### INPUT DATA

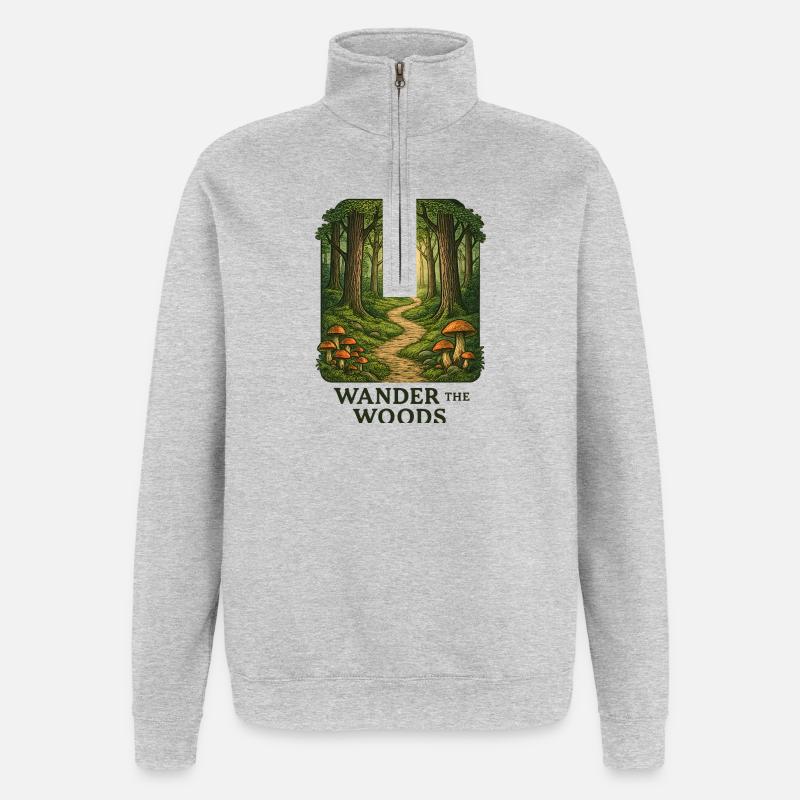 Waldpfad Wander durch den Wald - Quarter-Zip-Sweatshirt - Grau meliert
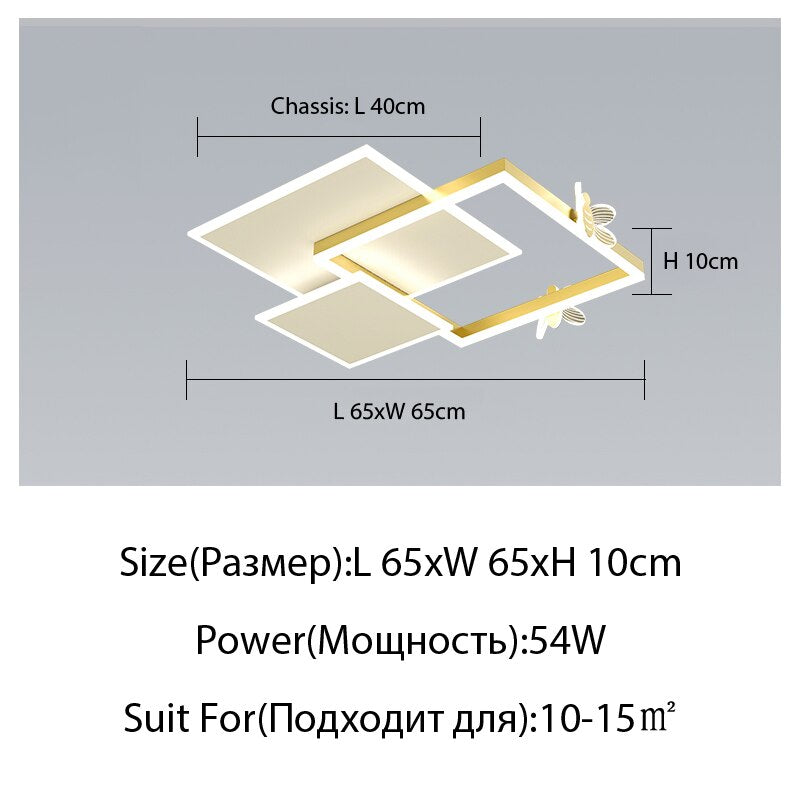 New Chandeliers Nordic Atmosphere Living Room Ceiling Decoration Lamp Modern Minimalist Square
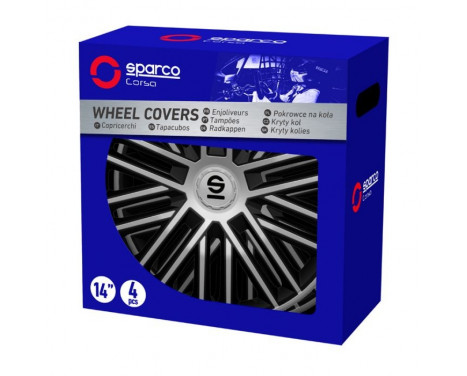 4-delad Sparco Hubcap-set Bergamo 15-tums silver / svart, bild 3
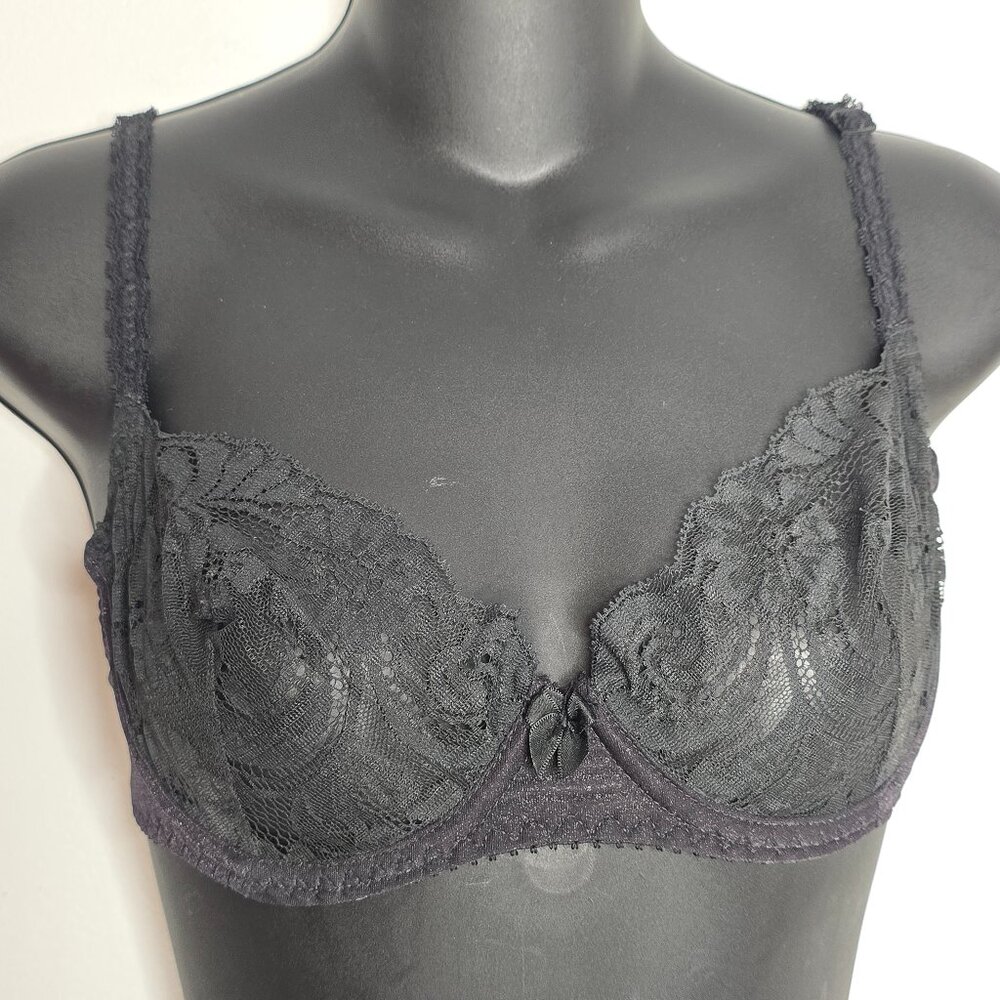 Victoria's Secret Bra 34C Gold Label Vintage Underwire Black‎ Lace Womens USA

### WORK TO BE COMPLETED
Reproduce the material in its entirety and word for word, without the pictures.

### EXERCISE OUTPUT
 Waldpfad Wander durch den Wald - Quarter-Zip-Sweatshirt - Grau meliert
 New Chandeliers Nordic Atmosphere Living Room Ceiling Decoration Lamp Modern Minimalist Square
 4-delad Sparco Hubcap-set Bergamo 15-tums silver / svart, bild 3
 Victoria's Secret Bra 34C Gold Label Vintage Underwire Black‎ Lace Womens USA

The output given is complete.